Lucy Ives

“Are you getting dressed?” Sophie is asking Alison this question.

“Yes,” Alison says. Alison is making something in a jar, pouring in clear liquor.

“What are you doing?” Sophie has her legs crossed, she is sitting up straight in her chair next to Arthur, peeling a label off of a beer bottle. Her eyebrows are like two black bolts of lightning, Arthur thinks, in a weak metaphor, if lightning were made of fine black hairs, were tiny, and on Sophie’s face. She is looking out from under the eyebrows, sort of flicking her eyes against Catherine’s drink.

“What?” says Alison. “It’s prom. I’m not any happier than you.”

“That’s true.” Sophie looks down.

At this moment Arthur hears Grover and the Chloë on the stairs.

“Alison,” Grover is calling.

“Alison!” Chloë is pretending to scream.

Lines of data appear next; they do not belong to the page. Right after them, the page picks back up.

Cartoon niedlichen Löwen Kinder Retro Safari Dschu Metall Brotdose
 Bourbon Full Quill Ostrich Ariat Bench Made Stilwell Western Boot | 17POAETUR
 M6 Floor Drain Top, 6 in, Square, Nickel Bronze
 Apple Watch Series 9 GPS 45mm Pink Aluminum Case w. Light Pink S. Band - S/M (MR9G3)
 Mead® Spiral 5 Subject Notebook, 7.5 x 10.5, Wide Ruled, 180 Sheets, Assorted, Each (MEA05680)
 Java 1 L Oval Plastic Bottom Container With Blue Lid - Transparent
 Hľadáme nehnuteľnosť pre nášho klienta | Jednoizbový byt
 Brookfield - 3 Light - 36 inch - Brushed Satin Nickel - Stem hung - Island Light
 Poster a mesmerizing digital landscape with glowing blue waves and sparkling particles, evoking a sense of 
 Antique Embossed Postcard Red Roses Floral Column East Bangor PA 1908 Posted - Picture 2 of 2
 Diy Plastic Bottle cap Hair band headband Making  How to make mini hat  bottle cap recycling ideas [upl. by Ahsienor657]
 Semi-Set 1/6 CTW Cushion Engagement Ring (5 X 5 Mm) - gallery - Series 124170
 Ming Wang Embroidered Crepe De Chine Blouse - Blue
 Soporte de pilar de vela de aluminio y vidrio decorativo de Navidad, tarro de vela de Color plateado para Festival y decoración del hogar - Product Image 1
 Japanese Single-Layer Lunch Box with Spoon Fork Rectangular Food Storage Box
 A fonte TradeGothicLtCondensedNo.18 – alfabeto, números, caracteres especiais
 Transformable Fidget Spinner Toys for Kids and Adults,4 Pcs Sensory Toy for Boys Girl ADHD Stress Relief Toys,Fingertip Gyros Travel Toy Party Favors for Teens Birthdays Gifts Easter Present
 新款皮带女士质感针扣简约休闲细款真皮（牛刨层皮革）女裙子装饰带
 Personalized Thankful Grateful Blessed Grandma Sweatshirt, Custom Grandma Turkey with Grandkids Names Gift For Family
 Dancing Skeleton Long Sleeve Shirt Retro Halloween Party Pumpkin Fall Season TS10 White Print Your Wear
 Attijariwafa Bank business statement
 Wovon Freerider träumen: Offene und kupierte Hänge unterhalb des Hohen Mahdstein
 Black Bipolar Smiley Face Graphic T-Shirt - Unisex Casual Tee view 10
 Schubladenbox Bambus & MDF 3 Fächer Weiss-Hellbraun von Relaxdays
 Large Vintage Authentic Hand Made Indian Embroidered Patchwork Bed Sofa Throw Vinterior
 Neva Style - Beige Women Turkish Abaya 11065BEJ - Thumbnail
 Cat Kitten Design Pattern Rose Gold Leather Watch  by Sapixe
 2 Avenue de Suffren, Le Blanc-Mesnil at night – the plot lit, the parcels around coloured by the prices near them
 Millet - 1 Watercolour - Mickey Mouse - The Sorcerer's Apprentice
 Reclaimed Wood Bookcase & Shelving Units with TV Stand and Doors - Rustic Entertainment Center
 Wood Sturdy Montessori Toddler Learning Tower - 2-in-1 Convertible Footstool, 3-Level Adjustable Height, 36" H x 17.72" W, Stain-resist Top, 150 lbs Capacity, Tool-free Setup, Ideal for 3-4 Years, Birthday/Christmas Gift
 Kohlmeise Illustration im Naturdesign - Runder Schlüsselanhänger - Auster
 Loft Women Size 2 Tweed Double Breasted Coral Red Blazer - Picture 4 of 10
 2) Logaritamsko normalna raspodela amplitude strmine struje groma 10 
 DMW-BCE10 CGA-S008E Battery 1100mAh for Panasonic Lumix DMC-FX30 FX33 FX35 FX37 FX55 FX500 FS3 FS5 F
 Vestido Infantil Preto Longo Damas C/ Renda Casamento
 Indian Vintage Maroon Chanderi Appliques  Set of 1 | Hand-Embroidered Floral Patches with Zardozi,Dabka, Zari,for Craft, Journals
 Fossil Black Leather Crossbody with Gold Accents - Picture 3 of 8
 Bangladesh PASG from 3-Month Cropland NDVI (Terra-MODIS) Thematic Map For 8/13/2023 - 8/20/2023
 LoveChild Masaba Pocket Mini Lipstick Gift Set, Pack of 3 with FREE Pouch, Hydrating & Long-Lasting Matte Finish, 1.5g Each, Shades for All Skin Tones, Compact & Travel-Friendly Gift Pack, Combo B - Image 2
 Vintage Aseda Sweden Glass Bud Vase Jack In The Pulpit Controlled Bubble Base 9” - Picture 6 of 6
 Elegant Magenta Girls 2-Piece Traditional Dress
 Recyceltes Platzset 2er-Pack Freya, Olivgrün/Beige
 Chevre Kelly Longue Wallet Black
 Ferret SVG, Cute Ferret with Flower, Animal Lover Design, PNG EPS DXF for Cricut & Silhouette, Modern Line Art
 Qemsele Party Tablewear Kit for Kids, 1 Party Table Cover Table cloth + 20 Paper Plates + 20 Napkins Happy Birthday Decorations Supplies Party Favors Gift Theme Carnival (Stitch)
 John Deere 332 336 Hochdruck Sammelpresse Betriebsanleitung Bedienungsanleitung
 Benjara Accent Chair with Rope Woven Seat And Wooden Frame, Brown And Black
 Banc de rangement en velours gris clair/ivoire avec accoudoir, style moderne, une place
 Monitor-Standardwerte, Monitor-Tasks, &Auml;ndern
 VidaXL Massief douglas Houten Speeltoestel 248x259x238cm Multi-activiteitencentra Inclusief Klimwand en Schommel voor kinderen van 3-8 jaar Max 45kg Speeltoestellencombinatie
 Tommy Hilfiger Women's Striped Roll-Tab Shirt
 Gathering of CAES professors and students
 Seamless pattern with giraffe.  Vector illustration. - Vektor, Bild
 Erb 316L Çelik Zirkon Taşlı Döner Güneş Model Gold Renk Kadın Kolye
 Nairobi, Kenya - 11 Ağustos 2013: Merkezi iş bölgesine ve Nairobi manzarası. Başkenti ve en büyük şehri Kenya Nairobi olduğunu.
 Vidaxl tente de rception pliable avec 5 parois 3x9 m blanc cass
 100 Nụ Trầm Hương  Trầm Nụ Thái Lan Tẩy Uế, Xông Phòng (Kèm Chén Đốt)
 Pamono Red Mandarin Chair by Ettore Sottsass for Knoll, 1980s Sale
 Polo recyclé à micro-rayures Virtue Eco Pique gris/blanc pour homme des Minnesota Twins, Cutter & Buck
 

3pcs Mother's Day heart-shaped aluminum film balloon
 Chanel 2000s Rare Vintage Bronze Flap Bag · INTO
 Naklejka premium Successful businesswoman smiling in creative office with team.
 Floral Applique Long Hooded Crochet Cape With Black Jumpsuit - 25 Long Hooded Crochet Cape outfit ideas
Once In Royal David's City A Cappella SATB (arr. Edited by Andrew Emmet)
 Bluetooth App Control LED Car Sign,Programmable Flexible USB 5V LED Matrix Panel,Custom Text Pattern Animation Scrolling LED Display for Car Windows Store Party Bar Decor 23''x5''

Arthur can tell that Chloë already has her dress on, and he does not look forward to seeing it. He also realizes that he is sitting in a house full of girls who are getting ready for the prom, before the prom. He is wondering how this happened and what became of his own male friends, if he ever had them, what they are doing now. Then Chloë walks into the kitchen, her dress long and black, accentuating pointy yellow shoulders. There is a “keyhole,” a diamond shape cut out of the dress so that the concave plane between her breasts is exposed, the skin there reflecting a long piece of light.